In short, my generation was a necessary change agent that called out for America to fully live up to its ideals. Yet for this, we are frequently pilloried. Perhaps our children are not as morally grounded as our parents were, but at least they are not Stepford children. Our lives may feel much more complex than our parents’, but they have the potential to be much richer and more expansive lives too. I still embrace most of these values. Respect for my planet has become integrated into all my life’s actions, from recycling, to avoiding dangerous fertilizers, to driving a hybrid, to having only one child. Because of the positive values of my generation, I am not head of the house. My wife and I are equal partners. I was as likely to give our daughter a meal or change her poopy diapers as my wife. Unlike my parent’s generation, our friends include openly gay and lesbian people. I am grateful to have them in my life, and shudder to think about how less rich our lives would be without them.

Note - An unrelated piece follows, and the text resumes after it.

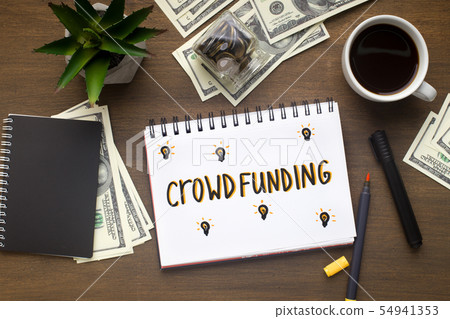 Distribution of money on crowdfunding, flat lay on office table 54941353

For us, living the American dream is not about a owning a mini-Monticello in the suburbs with a couple SUVs in the driveway. It is about taking delight in the rich diversity of people and cultures around us while being open to new ideas and exploring new paths of thought and action. I understand and am grateful to my parent’s generation for ensuring that we did not grow up in a tyranny. However, in some ways their sacrifice would have been in vain if their children had not leveraged their hard work so that America could more closely model its stated values. My generation’s accomplishment, as Steinhorn alludes, was to make a giant step toward fully enabling this dream. It was not a perfect realization. I am hopeful though that Generations X and Y will note that while our work is not yet fully accomplished, they will exercise their energy to keep moving humanity forward.